Source records:
------------------------------------------------
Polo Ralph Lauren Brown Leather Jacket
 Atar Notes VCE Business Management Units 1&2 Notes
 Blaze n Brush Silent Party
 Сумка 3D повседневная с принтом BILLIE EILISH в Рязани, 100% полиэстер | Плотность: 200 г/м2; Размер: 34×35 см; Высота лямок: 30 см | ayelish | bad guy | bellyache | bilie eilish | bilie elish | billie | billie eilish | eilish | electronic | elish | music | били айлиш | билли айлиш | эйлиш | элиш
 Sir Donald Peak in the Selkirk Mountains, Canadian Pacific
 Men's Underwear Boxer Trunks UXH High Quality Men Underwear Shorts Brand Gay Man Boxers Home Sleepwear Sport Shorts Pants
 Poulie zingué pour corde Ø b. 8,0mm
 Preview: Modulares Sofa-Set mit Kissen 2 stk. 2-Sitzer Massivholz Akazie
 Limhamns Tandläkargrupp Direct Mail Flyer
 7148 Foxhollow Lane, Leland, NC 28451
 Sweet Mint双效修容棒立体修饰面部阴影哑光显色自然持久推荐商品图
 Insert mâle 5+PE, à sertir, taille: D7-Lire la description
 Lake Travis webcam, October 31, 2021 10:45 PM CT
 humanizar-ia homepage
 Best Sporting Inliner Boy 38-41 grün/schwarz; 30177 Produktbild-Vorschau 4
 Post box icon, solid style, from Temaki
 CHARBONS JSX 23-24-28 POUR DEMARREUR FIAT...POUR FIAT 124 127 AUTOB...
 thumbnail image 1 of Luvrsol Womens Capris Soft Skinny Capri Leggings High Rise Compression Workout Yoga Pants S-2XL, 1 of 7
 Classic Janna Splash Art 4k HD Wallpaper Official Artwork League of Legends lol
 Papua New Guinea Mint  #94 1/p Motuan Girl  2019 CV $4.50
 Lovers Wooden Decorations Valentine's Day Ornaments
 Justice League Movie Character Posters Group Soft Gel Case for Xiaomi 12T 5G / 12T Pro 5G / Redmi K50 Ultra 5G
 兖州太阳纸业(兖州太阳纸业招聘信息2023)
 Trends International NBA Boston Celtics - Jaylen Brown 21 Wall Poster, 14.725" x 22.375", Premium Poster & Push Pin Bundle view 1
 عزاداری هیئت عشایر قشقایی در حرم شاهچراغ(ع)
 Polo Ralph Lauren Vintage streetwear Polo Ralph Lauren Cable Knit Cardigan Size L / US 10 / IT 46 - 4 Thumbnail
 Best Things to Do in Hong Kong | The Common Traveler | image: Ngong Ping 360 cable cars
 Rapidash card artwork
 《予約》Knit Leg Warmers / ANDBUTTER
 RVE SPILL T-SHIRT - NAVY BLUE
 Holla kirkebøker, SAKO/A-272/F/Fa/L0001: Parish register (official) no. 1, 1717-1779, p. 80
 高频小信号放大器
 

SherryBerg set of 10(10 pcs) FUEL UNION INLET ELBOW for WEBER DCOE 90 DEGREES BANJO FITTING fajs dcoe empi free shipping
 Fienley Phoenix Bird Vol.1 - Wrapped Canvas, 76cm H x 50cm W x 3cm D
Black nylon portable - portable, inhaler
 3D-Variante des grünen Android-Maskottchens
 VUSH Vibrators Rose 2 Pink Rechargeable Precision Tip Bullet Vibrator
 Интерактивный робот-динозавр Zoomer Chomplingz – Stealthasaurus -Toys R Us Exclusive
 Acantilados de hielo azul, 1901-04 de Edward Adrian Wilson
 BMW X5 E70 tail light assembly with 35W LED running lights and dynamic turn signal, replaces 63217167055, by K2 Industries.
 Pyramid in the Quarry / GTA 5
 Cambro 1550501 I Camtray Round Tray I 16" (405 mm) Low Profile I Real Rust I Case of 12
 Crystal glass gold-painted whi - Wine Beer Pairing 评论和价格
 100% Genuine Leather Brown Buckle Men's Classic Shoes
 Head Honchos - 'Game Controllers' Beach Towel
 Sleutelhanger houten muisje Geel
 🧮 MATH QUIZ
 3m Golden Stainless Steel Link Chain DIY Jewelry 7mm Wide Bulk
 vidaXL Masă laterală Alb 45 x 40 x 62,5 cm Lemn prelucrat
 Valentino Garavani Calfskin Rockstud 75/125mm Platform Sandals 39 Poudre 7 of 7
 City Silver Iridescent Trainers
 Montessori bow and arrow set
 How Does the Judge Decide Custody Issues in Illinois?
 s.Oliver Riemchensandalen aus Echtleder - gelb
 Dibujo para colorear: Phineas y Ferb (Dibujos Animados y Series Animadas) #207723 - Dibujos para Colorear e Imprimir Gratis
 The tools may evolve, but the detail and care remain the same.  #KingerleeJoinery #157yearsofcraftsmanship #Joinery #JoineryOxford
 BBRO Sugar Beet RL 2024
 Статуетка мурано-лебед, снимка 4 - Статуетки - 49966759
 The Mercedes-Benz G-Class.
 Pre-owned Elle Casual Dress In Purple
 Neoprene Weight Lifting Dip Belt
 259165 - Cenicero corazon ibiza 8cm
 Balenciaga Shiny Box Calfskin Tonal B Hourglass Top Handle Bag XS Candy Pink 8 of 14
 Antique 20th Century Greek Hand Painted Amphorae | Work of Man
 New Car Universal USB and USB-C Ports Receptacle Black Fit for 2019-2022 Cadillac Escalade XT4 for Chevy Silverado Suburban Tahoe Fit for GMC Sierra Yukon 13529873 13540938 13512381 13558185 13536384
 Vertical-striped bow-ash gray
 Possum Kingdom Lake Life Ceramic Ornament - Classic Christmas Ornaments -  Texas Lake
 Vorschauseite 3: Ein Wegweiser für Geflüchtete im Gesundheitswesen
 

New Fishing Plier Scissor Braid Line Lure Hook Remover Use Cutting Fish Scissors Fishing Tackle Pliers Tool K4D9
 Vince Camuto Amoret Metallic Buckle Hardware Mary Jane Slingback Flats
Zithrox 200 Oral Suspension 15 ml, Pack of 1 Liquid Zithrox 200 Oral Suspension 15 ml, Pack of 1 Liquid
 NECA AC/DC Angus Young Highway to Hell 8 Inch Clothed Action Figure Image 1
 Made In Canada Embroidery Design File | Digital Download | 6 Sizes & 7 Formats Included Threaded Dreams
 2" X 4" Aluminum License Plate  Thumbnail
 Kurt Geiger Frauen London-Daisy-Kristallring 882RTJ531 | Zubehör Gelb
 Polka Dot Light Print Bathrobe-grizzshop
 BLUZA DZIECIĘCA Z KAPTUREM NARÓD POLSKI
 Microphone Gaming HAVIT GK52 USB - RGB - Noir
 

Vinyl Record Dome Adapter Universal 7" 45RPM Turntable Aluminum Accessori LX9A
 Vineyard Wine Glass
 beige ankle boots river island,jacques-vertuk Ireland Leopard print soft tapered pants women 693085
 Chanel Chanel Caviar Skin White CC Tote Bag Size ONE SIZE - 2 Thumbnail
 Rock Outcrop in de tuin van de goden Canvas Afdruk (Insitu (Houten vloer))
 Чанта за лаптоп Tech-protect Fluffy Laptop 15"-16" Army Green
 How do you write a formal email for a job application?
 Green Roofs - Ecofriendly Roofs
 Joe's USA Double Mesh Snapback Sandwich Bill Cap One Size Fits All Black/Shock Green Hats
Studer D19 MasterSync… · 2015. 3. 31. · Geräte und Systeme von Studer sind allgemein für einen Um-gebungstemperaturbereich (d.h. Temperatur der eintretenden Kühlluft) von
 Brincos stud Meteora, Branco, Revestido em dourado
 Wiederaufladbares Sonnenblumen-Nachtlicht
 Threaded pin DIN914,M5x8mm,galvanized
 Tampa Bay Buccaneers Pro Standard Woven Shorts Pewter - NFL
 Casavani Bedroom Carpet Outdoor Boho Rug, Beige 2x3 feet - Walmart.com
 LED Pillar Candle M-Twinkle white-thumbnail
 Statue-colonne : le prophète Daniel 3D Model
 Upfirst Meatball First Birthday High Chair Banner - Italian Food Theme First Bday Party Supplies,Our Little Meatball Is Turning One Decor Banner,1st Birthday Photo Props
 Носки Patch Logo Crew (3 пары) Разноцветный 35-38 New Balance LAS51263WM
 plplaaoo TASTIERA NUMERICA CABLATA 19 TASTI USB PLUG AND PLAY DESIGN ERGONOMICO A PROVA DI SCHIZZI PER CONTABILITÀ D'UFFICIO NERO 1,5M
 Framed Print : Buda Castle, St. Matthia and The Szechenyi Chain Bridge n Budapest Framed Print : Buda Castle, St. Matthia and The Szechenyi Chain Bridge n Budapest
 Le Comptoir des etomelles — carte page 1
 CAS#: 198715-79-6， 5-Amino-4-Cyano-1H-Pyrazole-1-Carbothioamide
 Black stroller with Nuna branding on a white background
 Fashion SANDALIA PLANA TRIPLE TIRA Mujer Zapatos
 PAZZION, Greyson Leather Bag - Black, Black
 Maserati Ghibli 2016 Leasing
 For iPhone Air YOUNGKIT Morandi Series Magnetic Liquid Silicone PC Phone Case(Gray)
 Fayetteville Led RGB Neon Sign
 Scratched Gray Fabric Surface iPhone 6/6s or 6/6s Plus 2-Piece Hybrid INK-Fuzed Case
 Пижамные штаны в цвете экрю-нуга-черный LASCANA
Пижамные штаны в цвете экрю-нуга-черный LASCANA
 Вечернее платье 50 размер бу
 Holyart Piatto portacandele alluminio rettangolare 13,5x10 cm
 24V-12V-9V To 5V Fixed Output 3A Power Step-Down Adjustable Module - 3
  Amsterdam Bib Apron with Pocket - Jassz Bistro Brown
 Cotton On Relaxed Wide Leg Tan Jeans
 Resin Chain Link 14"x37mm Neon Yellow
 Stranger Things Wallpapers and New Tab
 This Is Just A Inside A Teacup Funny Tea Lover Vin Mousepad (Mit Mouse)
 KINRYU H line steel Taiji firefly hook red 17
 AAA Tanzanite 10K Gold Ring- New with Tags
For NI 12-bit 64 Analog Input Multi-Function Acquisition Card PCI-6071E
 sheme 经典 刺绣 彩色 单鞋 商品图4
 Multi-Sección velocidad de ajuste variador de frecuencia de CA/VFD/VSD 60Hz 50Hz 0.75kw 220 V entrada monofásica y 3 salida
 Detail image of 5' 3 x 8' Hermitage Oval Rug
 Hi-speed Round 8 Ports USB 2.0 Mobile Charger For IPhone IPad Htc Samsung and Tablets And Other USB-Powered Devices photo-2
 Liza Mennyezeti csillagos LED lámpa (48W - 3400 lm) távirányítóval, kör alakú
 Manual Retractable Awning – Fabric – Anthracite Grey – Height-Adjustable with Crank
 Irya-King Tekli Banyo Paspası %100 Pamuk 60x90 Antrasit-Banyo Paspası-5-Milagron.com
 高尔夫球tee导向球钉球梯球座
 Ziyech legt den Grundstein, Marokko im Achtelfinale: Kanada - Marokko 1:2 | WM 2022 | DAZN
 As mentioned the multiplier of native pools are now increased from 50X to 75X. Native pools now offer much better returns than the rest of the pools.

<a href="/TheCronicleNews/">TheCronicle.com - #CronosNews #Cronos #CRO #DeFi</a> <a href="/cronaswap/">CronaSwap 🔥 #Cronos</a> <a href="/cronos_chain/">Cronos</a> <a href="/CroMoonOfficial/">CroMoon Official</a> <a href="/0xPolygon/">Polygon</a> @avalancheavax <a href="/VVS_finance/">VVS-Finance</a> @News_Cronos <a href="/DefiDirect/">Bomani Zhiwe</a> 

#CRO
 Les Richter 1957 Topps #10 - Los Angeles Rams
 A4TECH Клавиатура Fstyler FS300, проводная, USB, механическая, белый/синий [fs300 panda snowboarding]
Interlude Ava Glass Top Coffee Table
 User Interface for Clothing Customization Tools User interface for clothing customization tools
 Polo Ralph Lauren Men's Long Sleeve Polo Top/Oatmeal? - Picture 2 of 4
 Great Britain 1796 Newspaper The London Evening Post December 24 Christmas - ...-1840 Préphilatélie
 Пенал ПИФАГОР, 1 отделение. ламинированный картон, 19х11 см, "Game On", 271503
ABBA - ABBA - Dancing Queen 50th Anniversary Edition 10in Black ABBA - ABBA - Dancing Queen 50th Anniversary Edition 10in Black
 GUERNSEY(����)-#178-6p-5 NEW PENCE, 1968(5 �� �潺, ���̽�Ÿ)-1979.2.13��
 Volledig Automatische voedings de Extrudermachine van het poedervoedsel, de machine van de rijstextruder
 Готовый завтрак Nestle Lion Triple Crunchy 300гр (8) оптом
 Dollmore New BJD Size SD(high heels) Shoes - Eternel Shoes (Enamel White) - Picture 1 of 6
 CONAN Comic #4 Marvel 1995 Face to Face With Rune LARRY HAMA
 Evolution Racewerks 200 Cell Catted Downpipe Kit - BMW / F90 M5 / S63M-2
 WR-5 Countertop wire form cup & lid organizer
------------------------------------------------
*What you need to do:*
Set down only the lines above that fall between the line holding "AAA Tanzanite 10K Gold Ring- New with Tags" and the line holding "Liza Mennyezeti csillagos", inclusive, keeping each exact.

*Exercise solution:*
 AAA Tanzanite 10K Gold Ring- New with Tags
For NI 12-bit 64 Analog Input Multi-Function Acquisition Card PCI-6071E
 sheme 经典 刺绣 彩色 单鞋 商品图4
 Multi-Sección velocidad de ajuste variador de frecuencia de CA/VFD/VSD 60Hz 50Hz 0.75kw 220 V entrada monofásica y 3 salida
 Detail image of 5' 3 x 8' Hermitage Oval Rug
 Hi-speed Round 8 Ports USB 2.0 Mobile Charger For IPhone IPad Htc Samsung and Tablets And Other USB-Powered Devices photo-2
 Liza Mennyezeti csillagos LED lámpa (48W - 3400 lm) távirányítóval, kör alakú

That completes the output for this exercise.